In addition, if you want to learn about the coding aspects of website creation, keep in mind that you'd be learning three separate areas: HTML (for content), CSS (for presentation), and Javascript (for interaction between the user and the site). You could get by with focusing mainly on the first two and doing just a little with JS. It just depends how deeply you want to go with it. My most recent site--*Are You Good Enough to Go to Heaven?*--was a project in hand-coding I did to learn more about web site creation, much like you, and I used very little Javascript in it, just enough to do what I wanted the site to do. The bulk of the code involved HTML and CSS.

As others have pointed out, you could also go the route of CMS's (content management systems), such as Wordpress, Joomla!, Drupal, etc. Keep in mind that although these CMS applications are often used as blogs, they can be used to create static web sites, too (i.e., where you don't keep adding new posts, so the home page never changes). I have a Wordpress blog myself, and I know that you can set up the home page this way, unlike the usual blog.
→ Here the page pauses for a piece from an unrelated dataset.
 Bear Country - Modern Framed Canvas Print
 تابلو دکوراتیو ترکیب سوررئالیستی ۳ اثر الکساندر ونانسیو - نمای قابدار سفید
If you don't want to learn about coding but still want to make a site, I highly recommend *Artisteer*. I've had this for some time now. You can use it to make Wordpress or Joomla! templates or even just regular web sites, and it's quite versatile with regard to the variety of themes you can create. An example of a blog site I made using Artisteer can be found here: *Christ Church of Arlington Outreach*.


----------